Tuesday, April 17, 2012

Reasoning with a child

“When I was a child, I talked like a child, I thought like a child, I reasoned like a child. When I became a man, I put childish ways behind me.” 1 Corinthians 13:11
Recently I had a dialogue with a three-year-old boy before church. He was standing near the morning tea table, which had various plates of food people had brought to share after the service. He was holding a plastic cup, and looking at the contents of the table. I thought he must be wanting some more water, so I went over to help.
But of course, he didn’t want more water. He wanted one of those – either the biscuits or the cupcakes, I couldn’t tell which he was pointing at. So I tried to explain to him, ‘Not now, but do you want some more water?’ ‘Not now, the biscuits are for afterwards, you can have one later but not now.’ Eventually I just had to tell him ‘no’ and try to distract him with something else, like asking him to tell me all about the Mickey Mouse on his T-shirt.
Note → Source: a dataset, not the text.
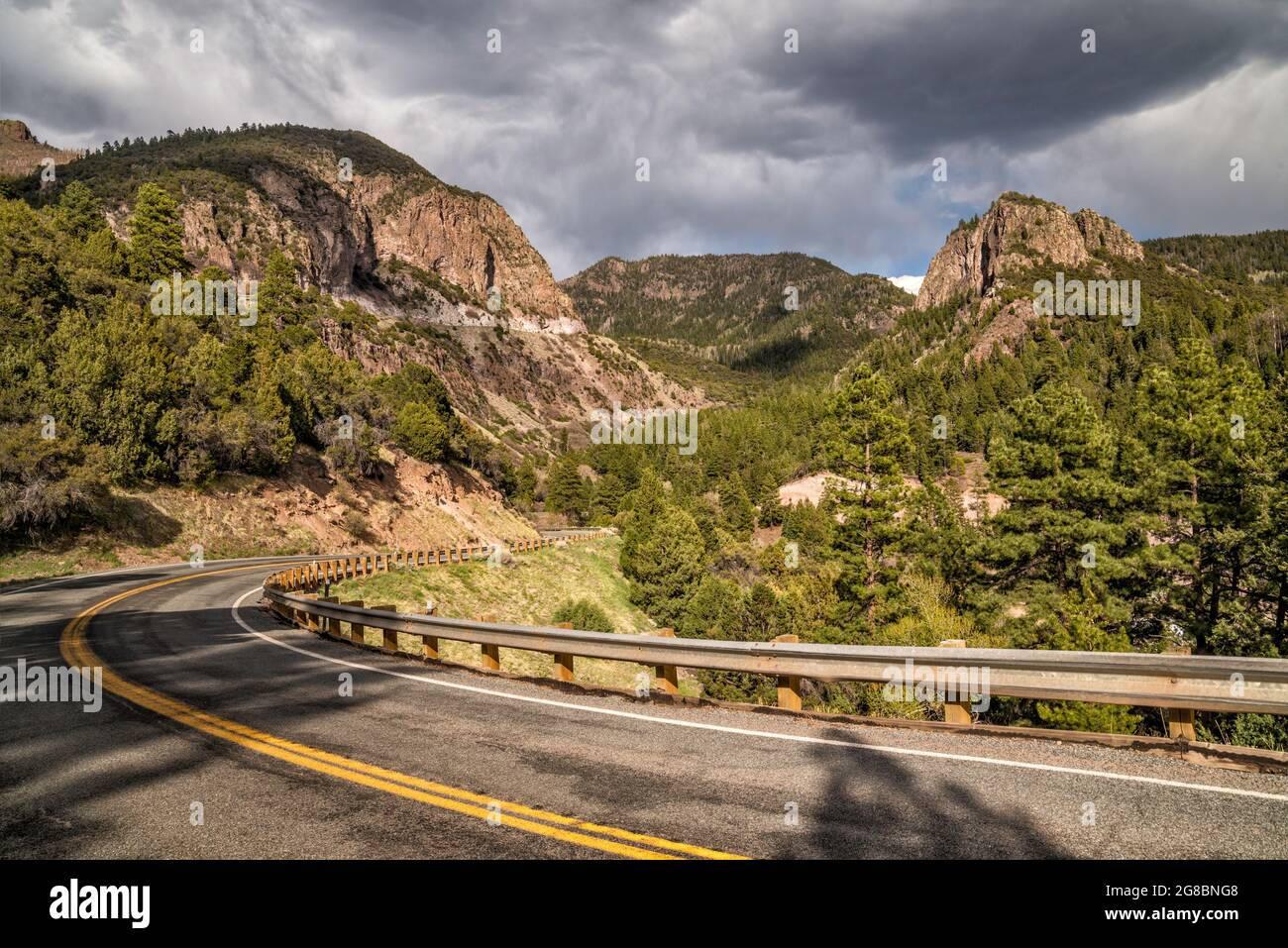 Buck Ridge, in der Nähe des Mahogany Cove Campground, Blick vom UT-153 Highway, Tushar Mountains, Fishlake National Forest, Utah, USA Stockfoto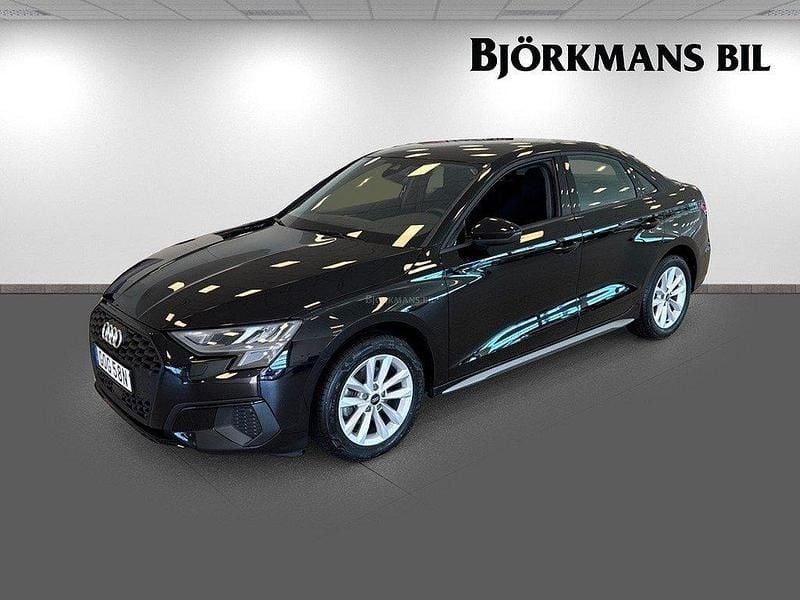 Svart Begagnad 2022 Audi A3 Sedan | 284 900 kr (Marknadspris) - Bild 1/4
This little interaction got me thinking about how God must feel with us sometimes. We can be so insistent about what we want, and think that it’s the best thing for us right now, or that right now is the most appropriate time for us to have it. But God may have other plans. Depending on our spiritual maturity, He might reason with us; but if we are spiritually immature, it could be that He just tells us ‘no’ for now.
One day, we won’t be looking at the spiritual life as a fuzzy image, but we’ll see everything clearly (1 Cor. 13:12). Then we’ll be able to see how God’s plan for us was perfect all along. But in the meantime, we have to trust Him that He knows what He is doing.